The battle that made him famous combined the three most heated domestic issues to rock the post-Vatican II Catholic Church: religion, race and authority. Born in 1934, he entered the seminary at 13, was ordained in the Archdiocese of Los Angeles in 1960 and stationed in a segregated white parish in the San Fernando Valley. The cardinal, James Francis McIntyre, was known for the discipline administered to his priests who spoke out on controversial issues, like racial segregation, which many priests and bishops considered morally wrong. Meanwhile Father Dubay built a reputation as a writer for the Catholic press, including two articles for America, “Protestants Teach, Too” (9/6/62), a survey of Protestant books on the Bible and “Who’s Got the Hymns” (9/17/63), a proposal of a common hymnal for all Christian denominations.Father Dubay also published a Sunday newsletter calling on Catholics to support integration.

Disciplined for this and sent to a mixed-race parish, Father Dubay continued his efforts, organizing fellow priests to join his movement. In June 1964, he cabled Pope Paul VI asking him to remove Cardinal McIntyre for intimidating Catholics leaders of the civil rights movement. The  cardinal told Edward Sheehan that the diocese had built schools for Mexicans and blacks: “What is wrong, what is immoral, that they should live among their own kind—Irish with Irish, Poles with Poles, Mexicans with Mexicans, and Negroes with Negroes?”

Meanwhile the fight over integration tightened with the battle over Proposition 14, an initiative referendum outlawing all fair housing legislation as prejudicial to property rights. This would be on the ballot in November 1964; but the cardinal still insisted that segregation was a political, not a moral, question.

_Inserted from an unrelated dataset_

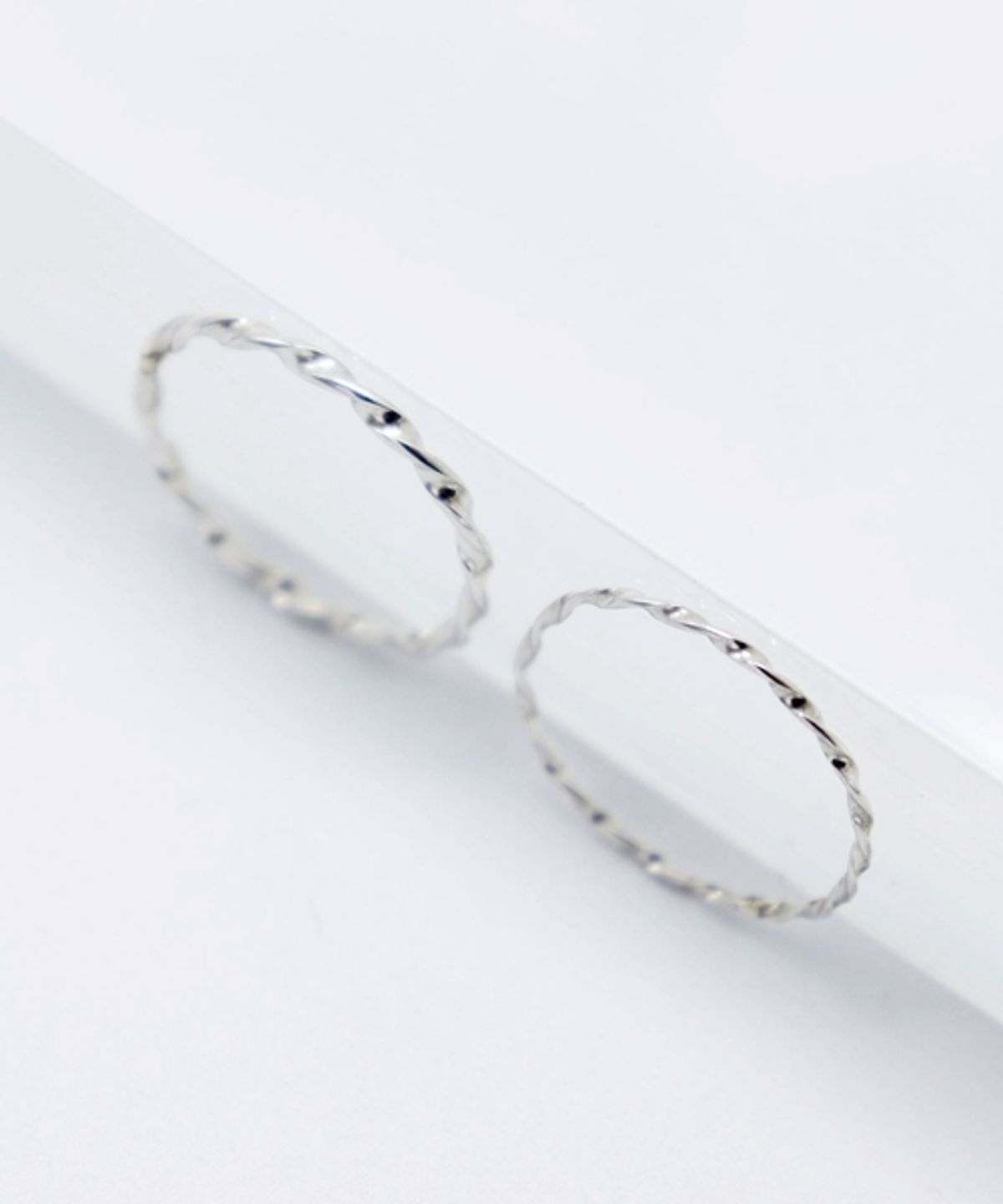 봉보(BONBEAU) Stella loose twist Layered Ring 루즈 트위스트 꼬임반지 1.5mm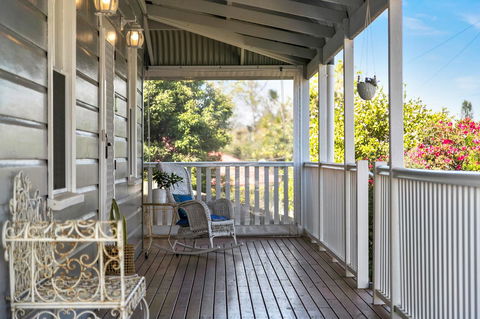 Lavender Cottage - Stays Accommodation 3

As Father Dubay became depressed over the reluctance of his fellow priests to stand up on this issue, he writes, “It seemed to me to be no longer a question of tactics but simple courage to do what had to be done. Any type of confrontation, I thought, would be more suitable than the present inaction.”

His book The Human Church (1966) combined his pastoral experience with a spirituality that would, through making the church structures more democratic, create a new atmosphere of human interaction that would replace the top-down rule of the hierarchy. It would include a union of priests similar to the secular labor movement. Though rejected by authorities, some suggestions, like moving seminary education to university campuses and increased Bible reading among the faithful, were ahead of their time.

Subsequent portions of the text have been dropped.